Reproduce the records word for word, leaving out any pictures they hold.

**Saved entries**
━━━

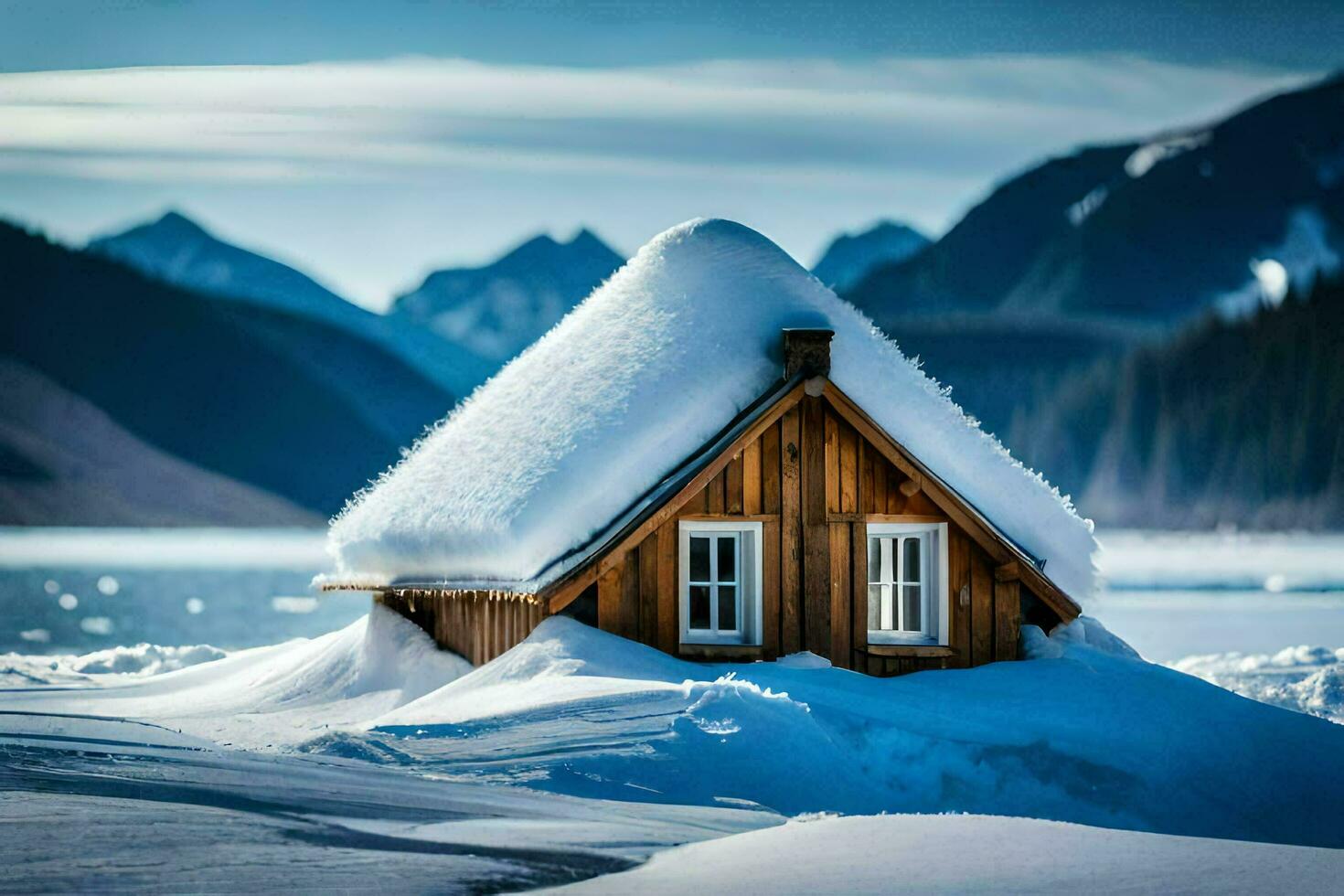 a small wooden house sits in the snow. AI-Generated photo
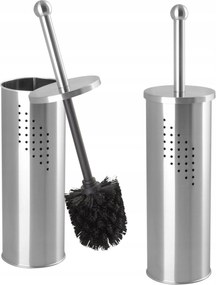 Wc kefe tárolóval Ezüst Króm Acél Fürdőszoba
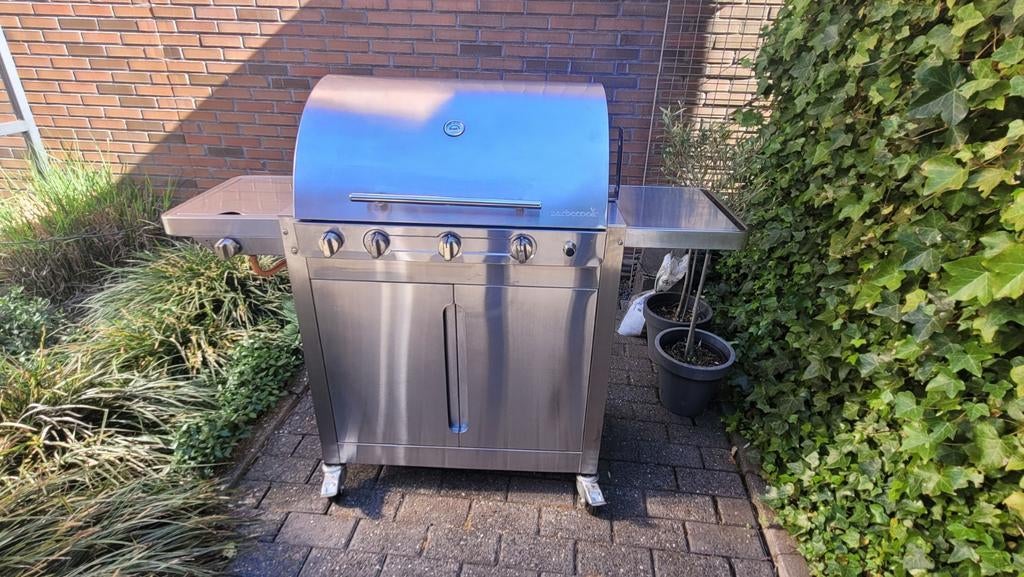 Barbecook gasbarbecue met 4 branders, zijbrander en hoes, Ophalen, Gebruikt, Barbecook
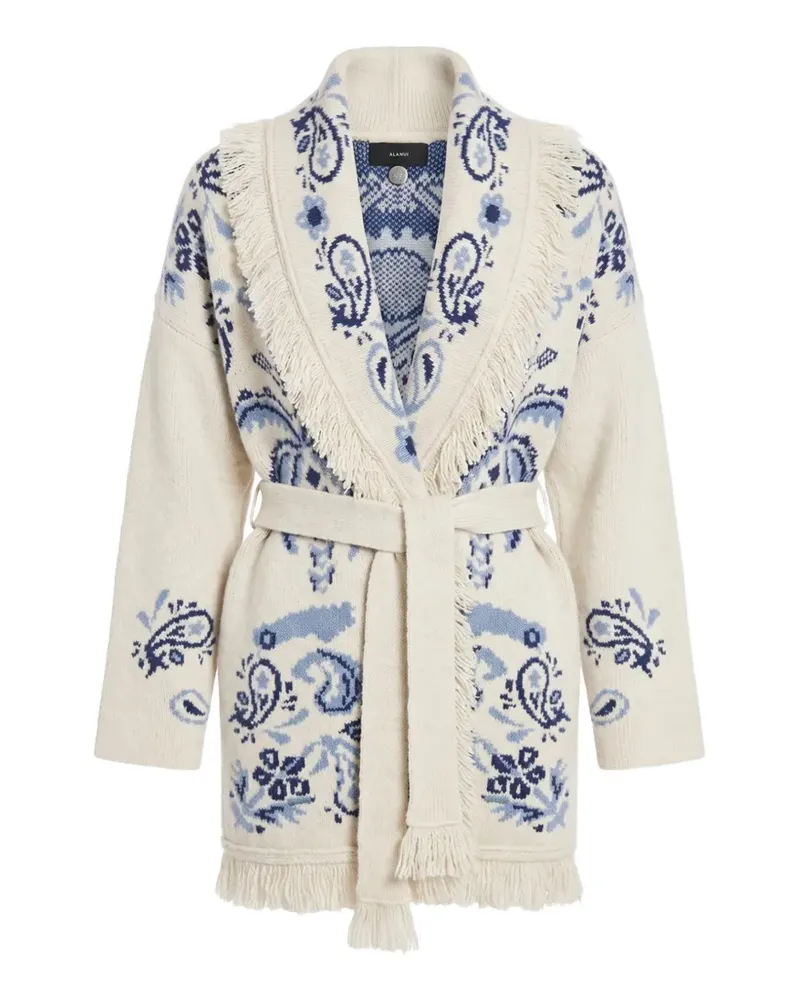 Alanui Island Roots Foulard Cardigan mit Fransen - Nude Nude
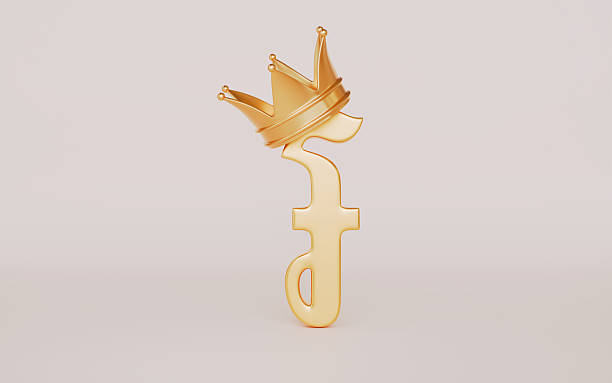istock Riel sign king crown light on brown color background 2252537769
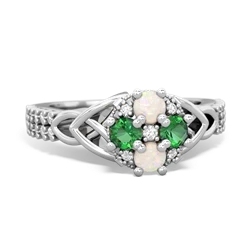 Opal Celtic Knot Cluster Engagement 14K White Gold ring R26443RD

━━━

**REPLY**
 a small wooden house sits in the snow. AI-Generated photo
 Wc kefe tárolóval Ezüst Króm Acél Fürdőszoba
 Barbecook gasbarbecue met 4 branders, zijbrander en hoes, Ophalen, Gebruikt, Barbecook
 Alanui Island Roots Foulard Cardigan mit Fransen - Nude Nude
istock Riel sign king crown light on brown color background 2252537769
 Opal Celtic Knot Cluster Engagement 14K White Gold ring R26443RD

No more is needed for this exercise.